═══ DATASET EXCERPTS

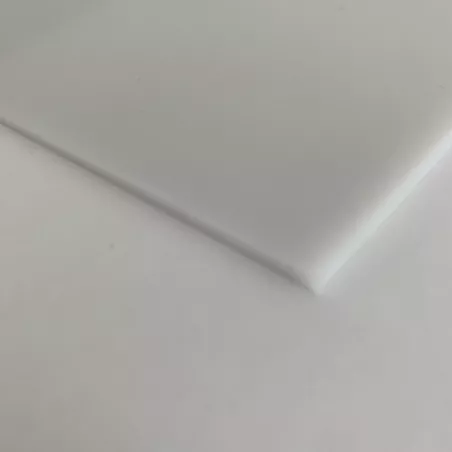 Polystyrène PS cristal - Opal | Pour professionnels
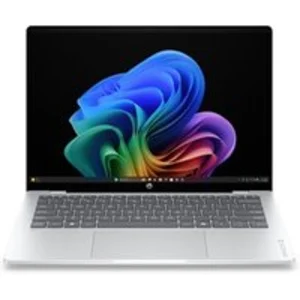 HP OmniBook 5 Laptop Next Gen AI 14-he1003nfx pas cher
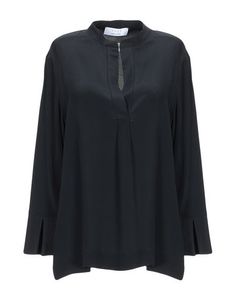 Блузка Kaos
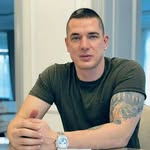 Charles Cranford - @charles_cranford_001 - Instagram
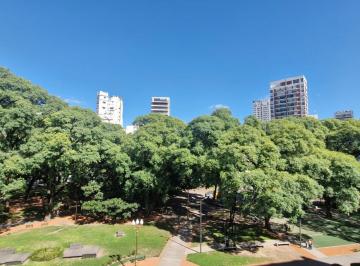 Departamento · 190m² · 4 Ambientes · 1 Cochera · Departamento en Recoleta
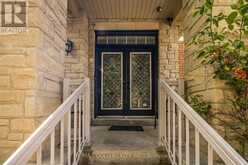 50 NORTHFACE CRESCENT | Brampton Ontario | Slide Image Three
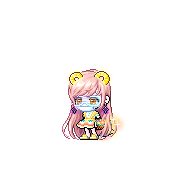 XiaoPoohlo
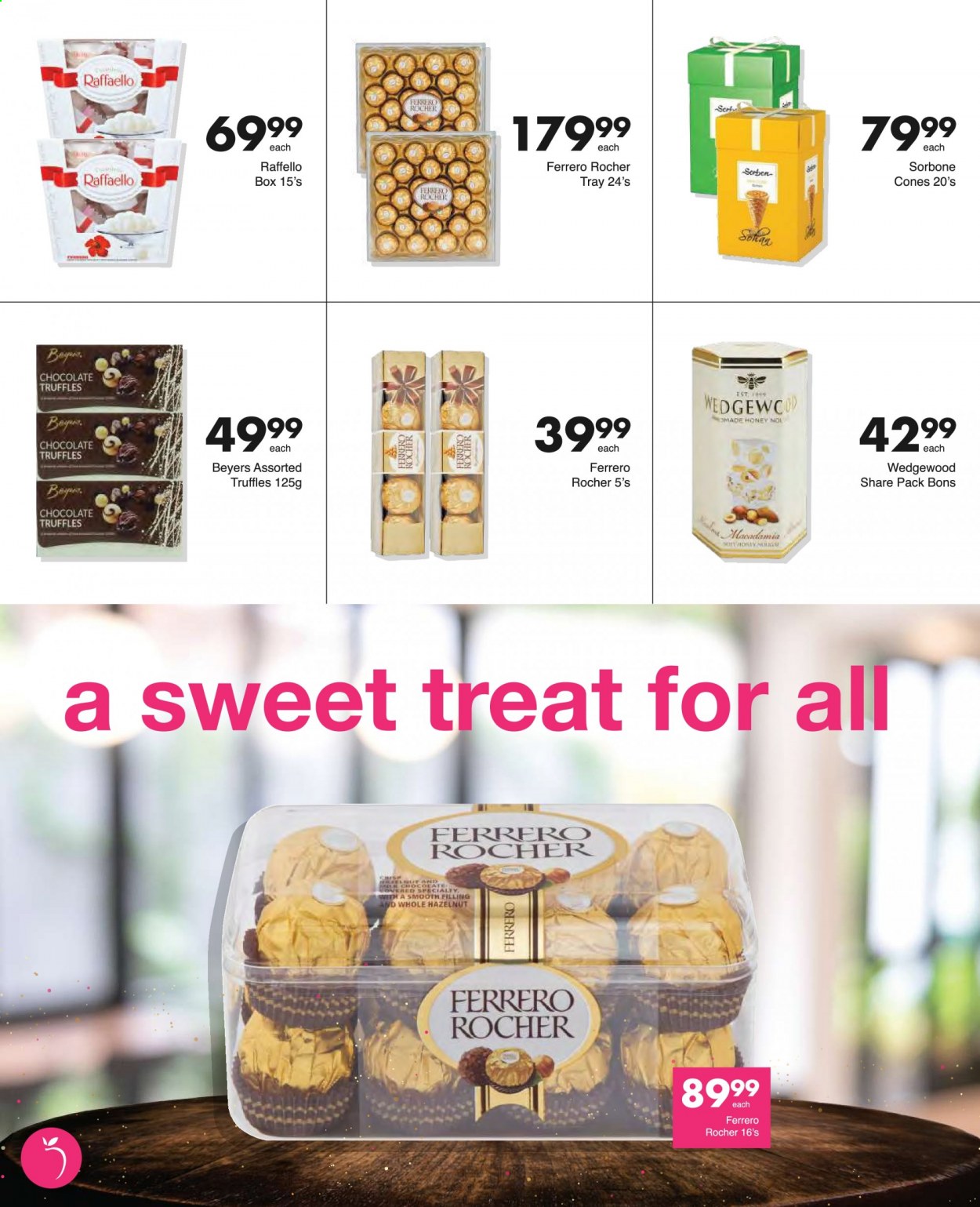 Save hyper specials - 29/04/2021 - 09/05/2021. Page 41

══════

> _REQUIRED WORK_: Nothing in the records should be changed in the copy, but the pictures must be left out.

> _EXPECTED ANSWER_:
 Polystyrène PS cristal - Opal | Pour professionnels
 HP OmniBook 5 Laptop Next Gen AI 14-he1003nfx pas cher
 Блузка Kaos
 Charles Cranford - @charles_cranford_001 - Instagram
 Departamento · 190m² · 4 Ambientes · 1 Cochera · Departamento en Recoleta
 50 NORTHFACE CRESCENT | Brampton Ontario | Slide Image Three
 XiaoPoohlo
 Save hyper specials - 29/04/2021 - 09/05/2021. Page 41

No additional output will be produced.